It is true the City Fair ultimately failed because it was too successful. It spawned a multitude of rival celebrations, ranging from ethnic festivals to Artscape. Annual neighborhood fairs and house tours have become commonplace. Even urban garden tours attract good crowds.

DTC At the same time, several established citywide and neighborhood organizations are experiencing a visible and serious shortage of new blood and ideas. The City Fair itself was operated for all these years by a small group of believers, many of them die-hard veterans of the early fairs.
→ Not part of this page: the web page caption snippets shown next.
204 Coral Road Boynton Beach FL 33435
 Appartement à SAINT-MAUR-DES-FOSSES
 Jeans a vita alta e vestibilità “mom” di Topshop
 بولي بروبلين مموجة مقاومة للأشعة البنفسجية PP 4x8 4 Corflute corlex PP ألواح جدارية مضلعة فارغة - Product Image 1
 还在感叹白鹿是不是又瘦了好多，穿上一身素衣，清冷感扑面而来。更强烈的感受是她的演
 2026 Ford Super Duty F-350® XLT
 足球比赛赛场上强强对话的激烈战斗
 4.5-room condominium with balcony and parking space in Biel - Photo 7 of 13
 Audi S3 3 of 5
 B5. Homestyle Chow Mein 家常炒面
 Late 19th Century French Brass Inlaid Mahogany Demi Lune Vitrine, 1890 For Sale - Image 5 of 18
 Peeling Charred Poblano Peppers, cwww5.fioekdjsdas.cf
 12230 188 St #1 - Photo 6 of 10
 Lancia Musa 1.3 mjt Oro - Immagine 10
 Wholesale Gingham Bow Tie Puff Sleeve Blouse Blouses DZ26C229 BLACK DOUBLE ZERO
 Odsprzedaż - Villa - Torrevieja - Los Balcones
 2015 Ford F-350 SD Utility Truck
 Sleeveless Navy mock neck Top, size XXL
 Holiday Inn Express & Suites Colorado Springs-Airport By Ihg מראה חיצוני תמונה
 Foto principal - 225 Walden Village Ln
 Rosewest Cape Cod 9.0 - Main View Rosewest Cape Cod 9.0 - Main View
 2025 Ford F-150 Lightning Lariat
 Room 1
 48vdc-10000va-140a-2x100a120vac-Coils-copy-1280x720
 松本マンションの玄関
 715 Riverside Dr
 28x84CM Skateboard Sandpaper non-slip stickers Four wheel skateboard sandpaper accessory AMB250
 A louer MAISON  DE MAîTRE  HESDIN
Americans are a mobile people, physically and mentally. We keep trekking from one neighborhood and metropolitan area to another. Some give up on urban surroundings altogether and go to the wilderness in their search for Walden Pond. In terms of ideas and causes, people also change. Those who were daring urban pioneers in their 20s may not be as willing to deal with such continuing city challenges as trash and rats when they get older, not to mention the unceasing demands of that old house they once renovated.

The initial City Fair was so powerful because it brought Baltimore's neighborhoods together under one tent, enabling like-minded people to network with one another and feel they were not alone in trying to keep their communities going. Today, the City Fair itself does not leave an unfillable void. But if its spirit of togetherness is lost, Baltimore's problems will be much more difficult to solve.